INPUT MATERIAL START

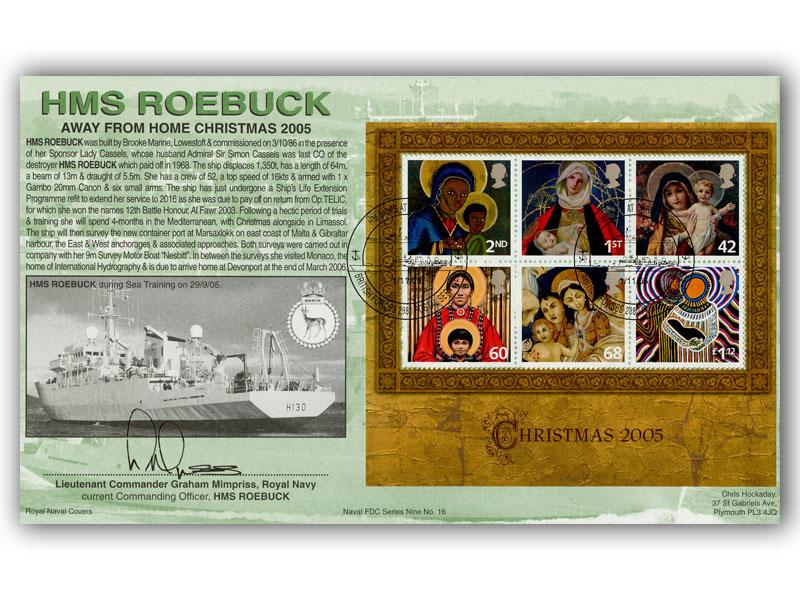 2005 Christmas miniature sheet, HMS Roebuck official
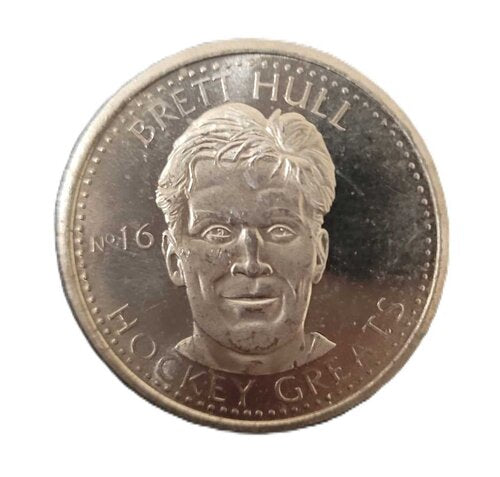 1996/1997 Hockey Greats Coins #10 Brett Hull - St. Louis Blues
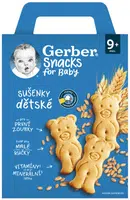 GERBER Snacks dětské sušenky 180 g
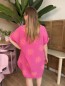 Robe chemise Soleil en gaze de coton rose Robe chemise Soleil en gaze de coton rose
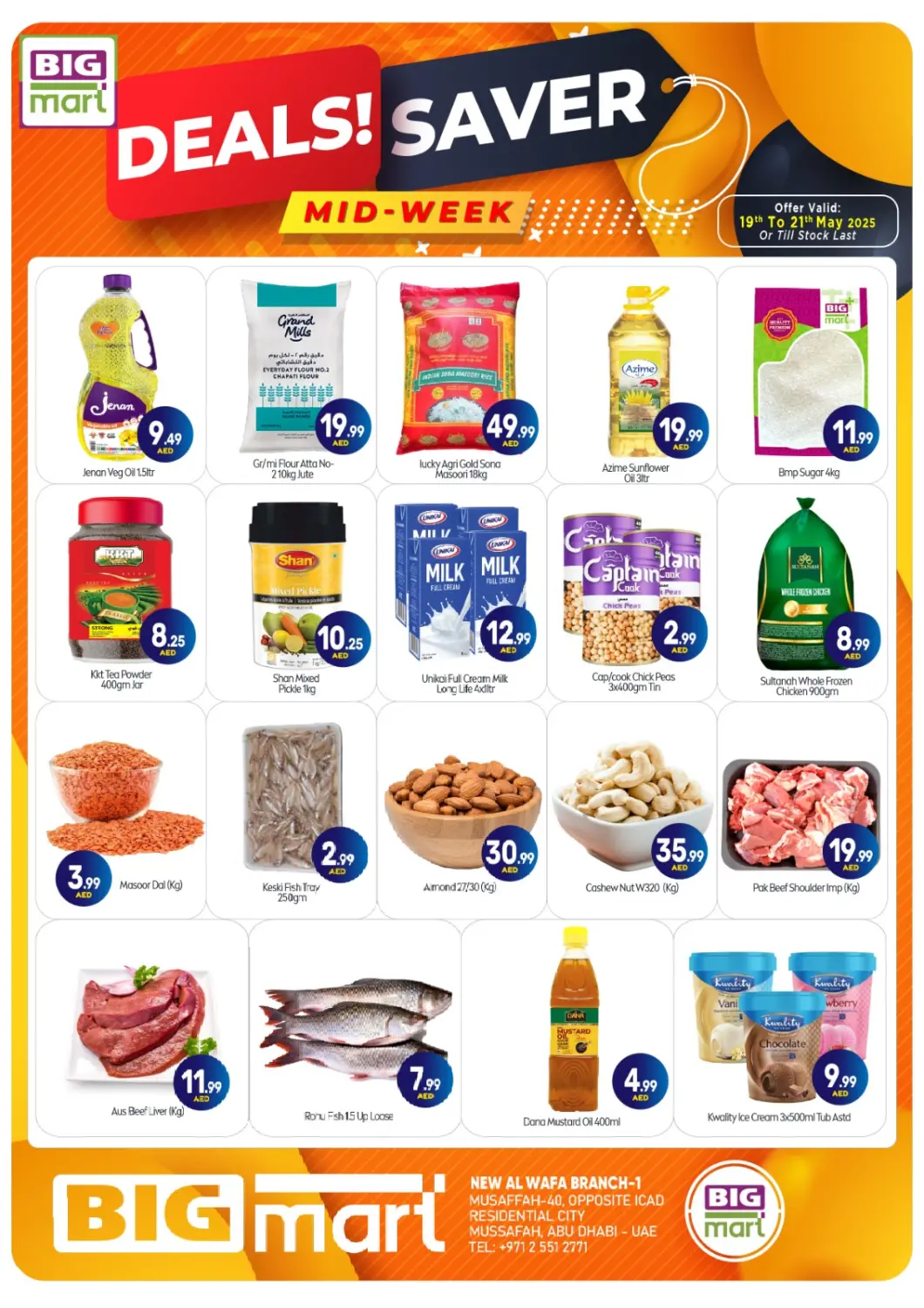 UAE - Abu Dhabi BIGmart offers in D4D Online. Musaffah 40 -Abudhabi. . Till 21st May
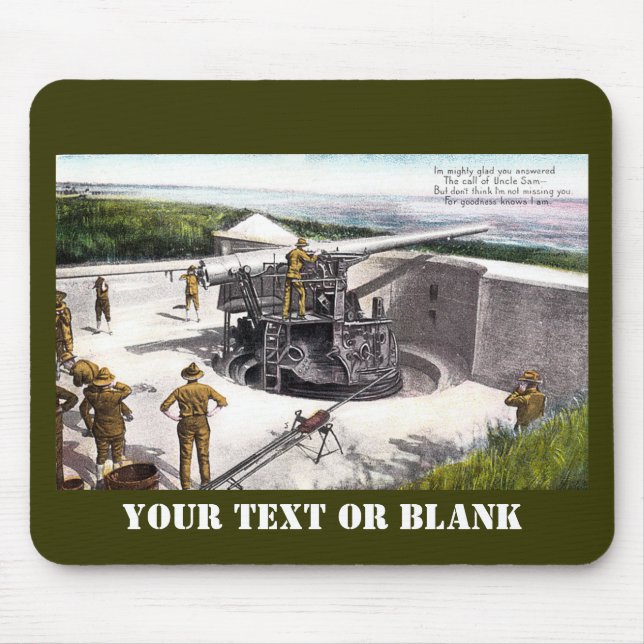 Coastal Artillery Mouse Pad (Front)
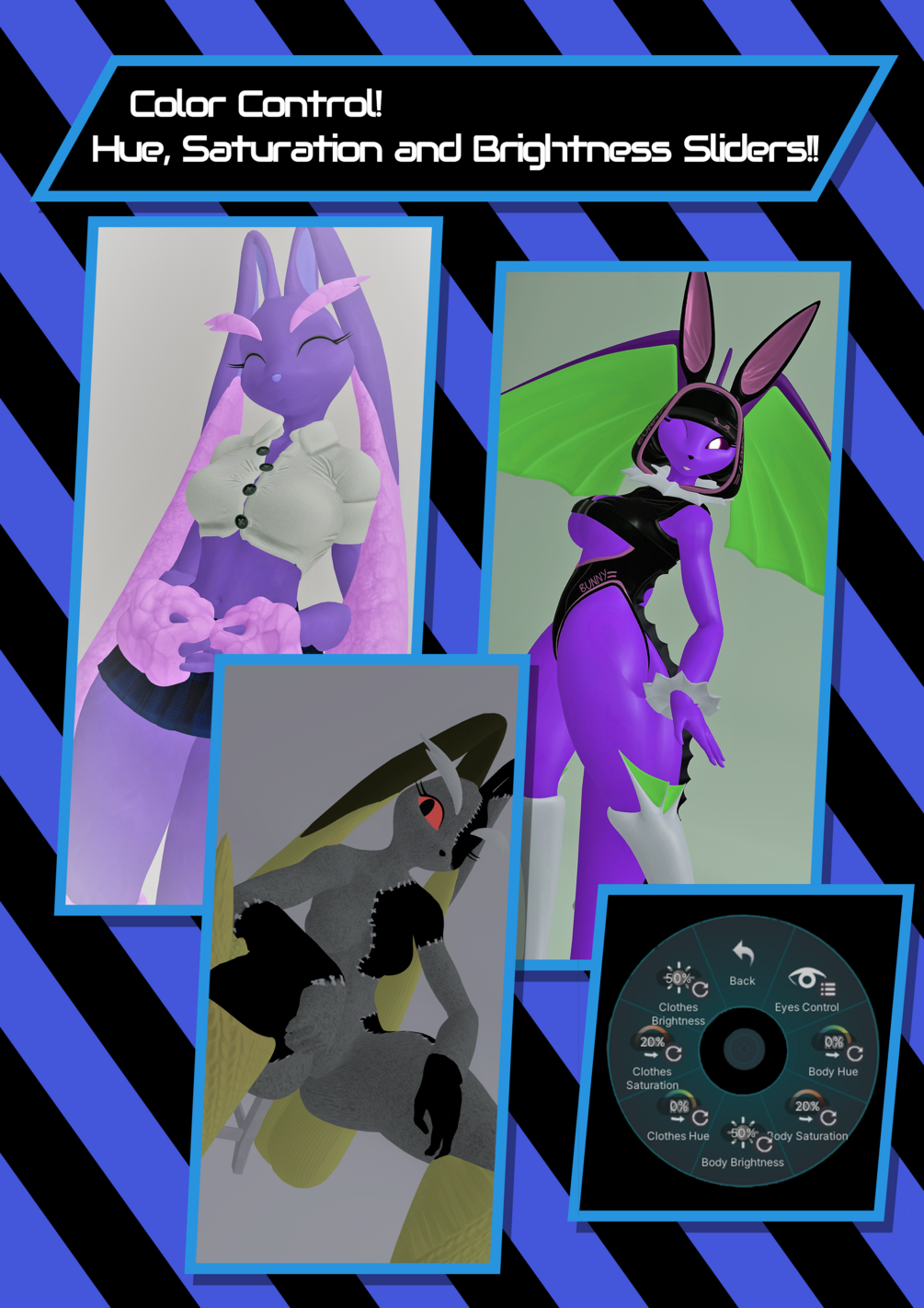 Lopunny VRChat Avatar (Warfaremachine Port)
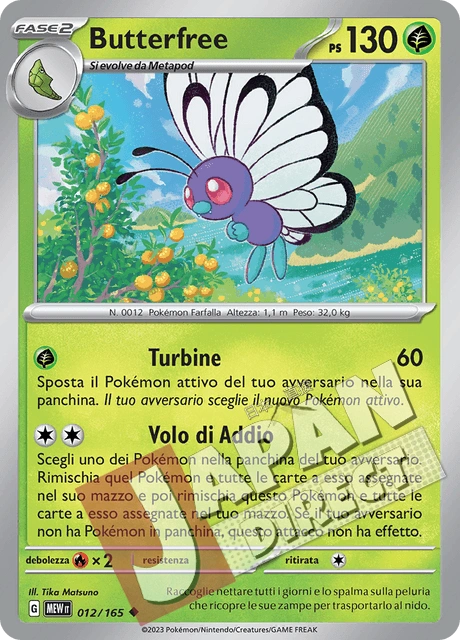 (MEW 012/165) Butterfree  Non Comune
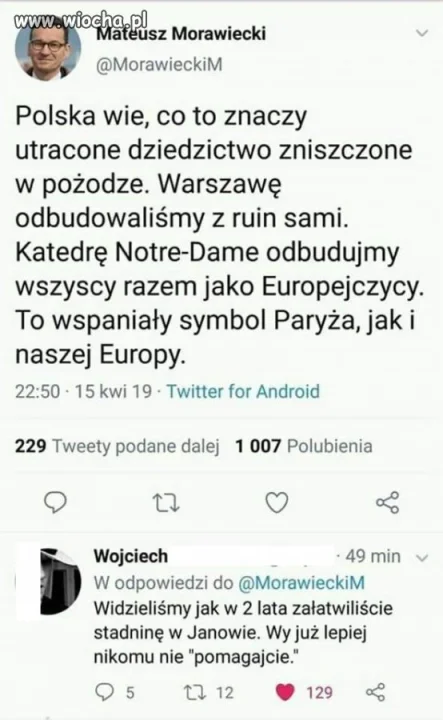Premier Morawiecki. 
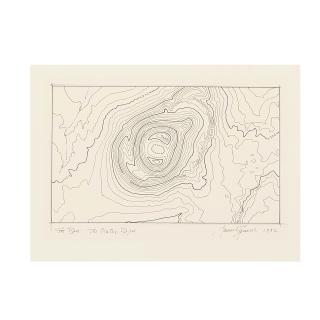 James Turrell - The Crater, Before, 1982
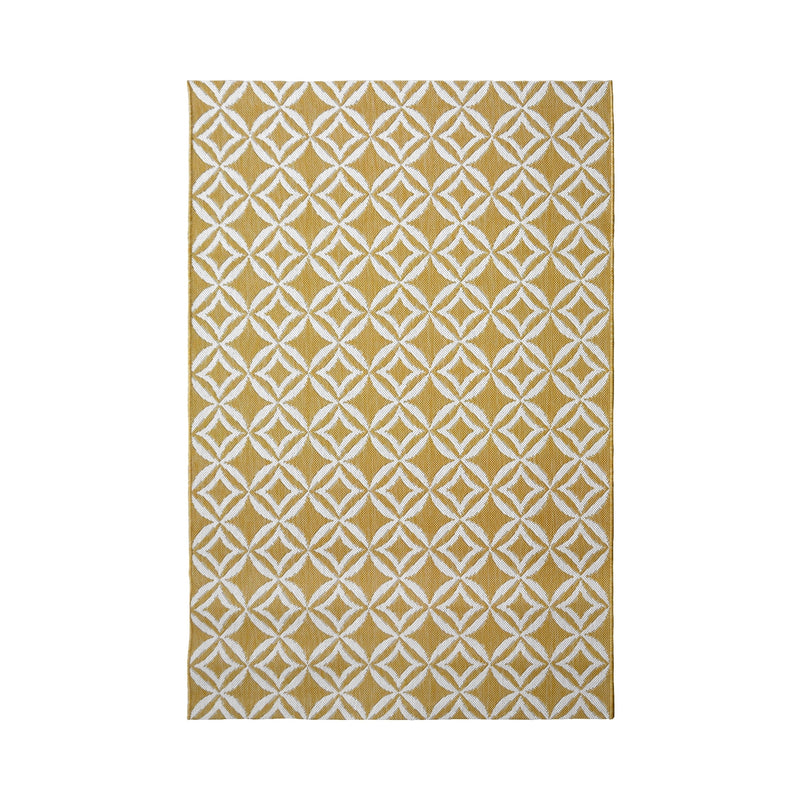 Lewis's Home Compass Geo Flatweave Indoor & Outdoor Rugs - Yellow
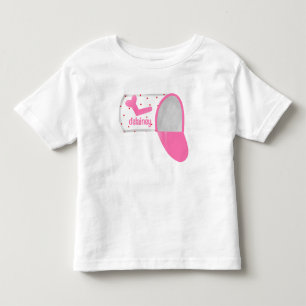 Camiseta Infantil Meninas de Bolinhas de Caixa de Correio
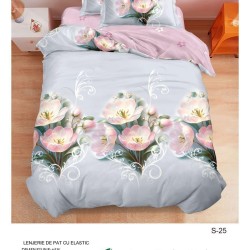                                                  Set Pat 4 Piese „Super Design Pucioasa” – Cearceaf cu Elastic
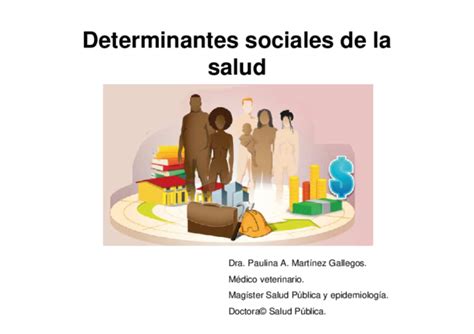 Pdf Determinantes Sociales De La Salud Antonia Jara Vargas
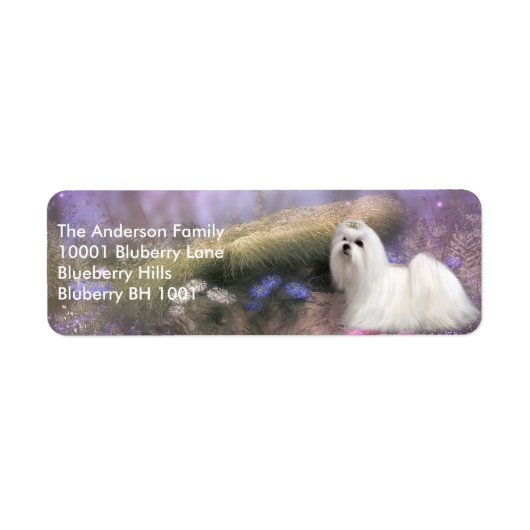 Label retouradres Maltees (Voorkant)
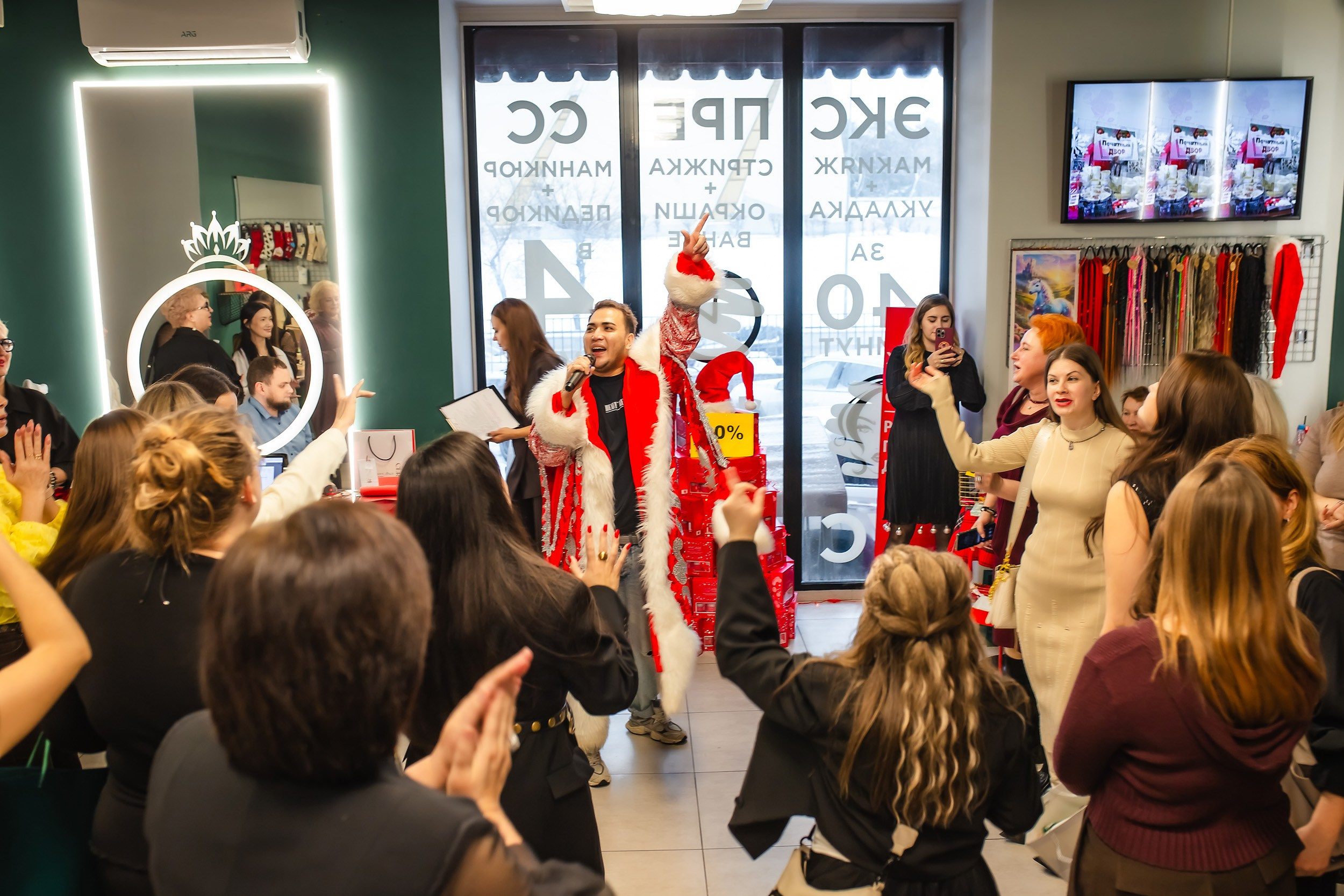 Новогодний Арбат в Красоте. Кипятком Павлодар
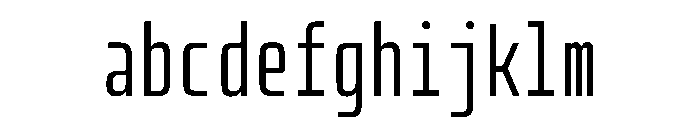 PhDMono FONT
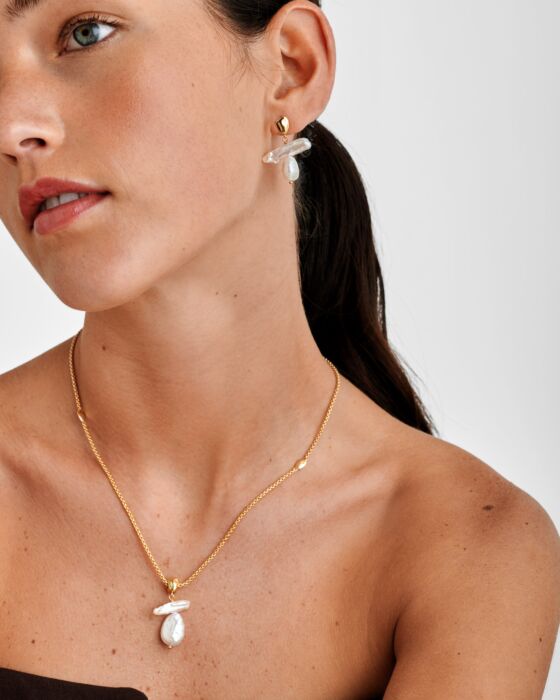 Katie Loxton | Sol Pearl Waterproof Gold Necklace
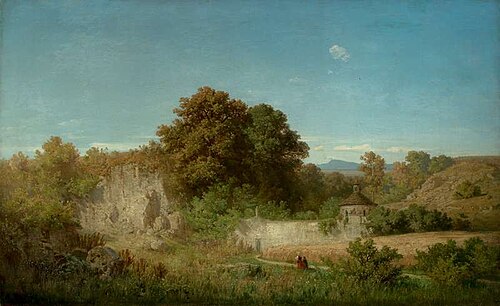 Summer Country with a Chapel, 1859, Adolf Kosárek
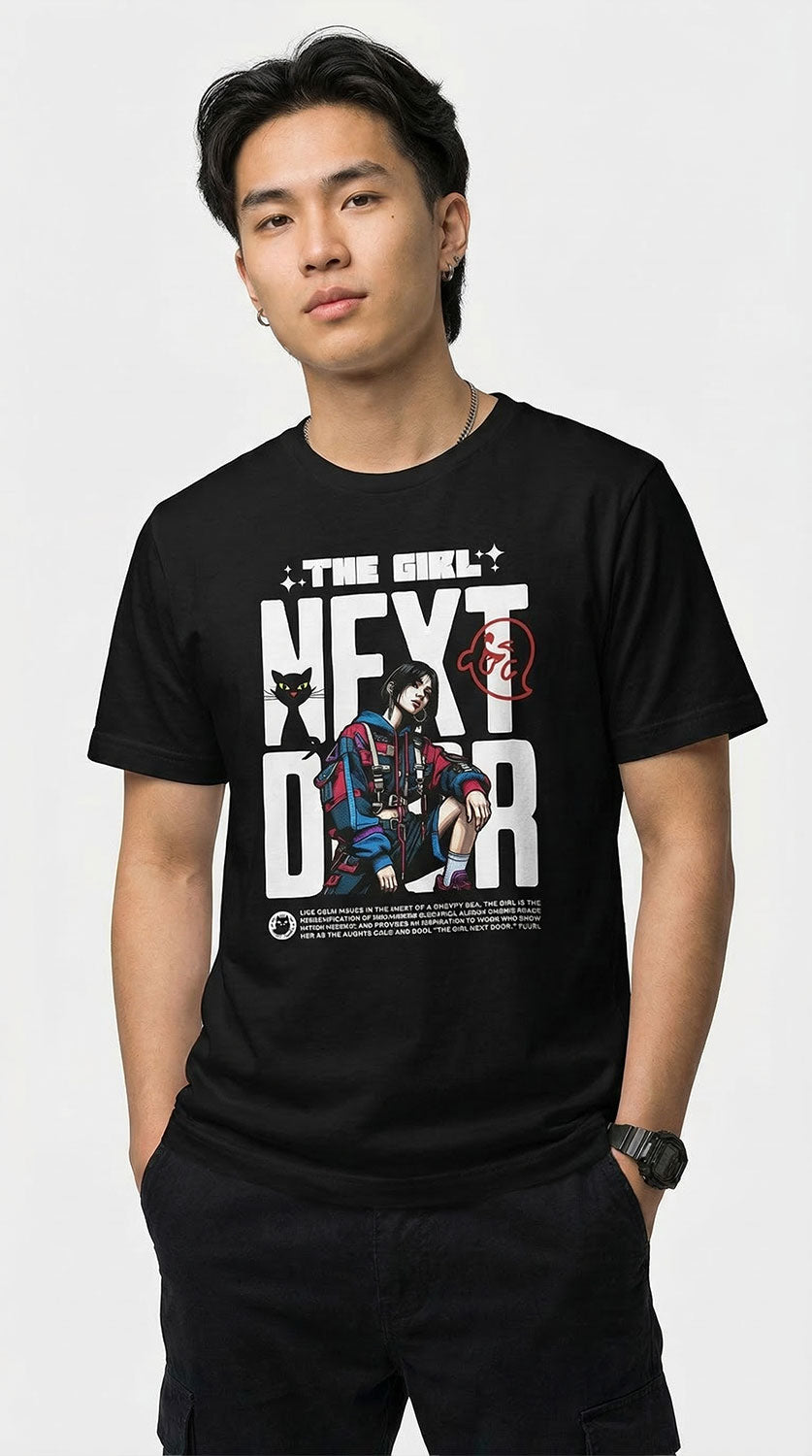The Girl Next Door Cat T-Shirt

INPUT MATERIAL END

What is needed is an exact output of the records above, with every picture left out.

 2005 Christmas miniature sheet, HMS Roebuck official
 1996/1997 Hockey Greats Coins #10 Brett Hull - St. Louis Blues
 GERBER Snacks dětské sušenky 180 g
 Robe chemise Soleil en gaze de coton rose Robe chemise Soleil en gaze de coton rose
 UAE - Abu Dhabi BIGmart offers in D4D Online. Musaffah 40 -Abudhabi. . Till 21st May
 Coastal Artillery Mouse Pad (Front)
 Lopunny VRChat Avatar (Warfaremachine Port)
 (MEW 012/165) Butterfree  Non Comune
Premier Morawiecki. 
 James Turrell - The Crater, Before, 1982
 Lewis's Home Compass Geo Flatweave Indoor & Outdoor Rugs - Yellow
 Camiseta Infantil Meninas de Bolinhas de Caixa de Correio
                                                  Set Pat 4 Piese „Super Design Pucioasa” – Cearceaf cu Elastic
 Pdf Determinantes Sociales De La Salud Antonia Jara Vargas
 Label retouradres Maltees (Voorkant)
 Новогодний Арбат в Красоте. Кипятком Павлодар
 PhDMono FONT
 Katie Loxton | Sol Pearl Waterproof Gold Necklace
 Summer Country with a Chapel, 1859, Adolf Kosárek
The Girl Next Door Cat T-Shirt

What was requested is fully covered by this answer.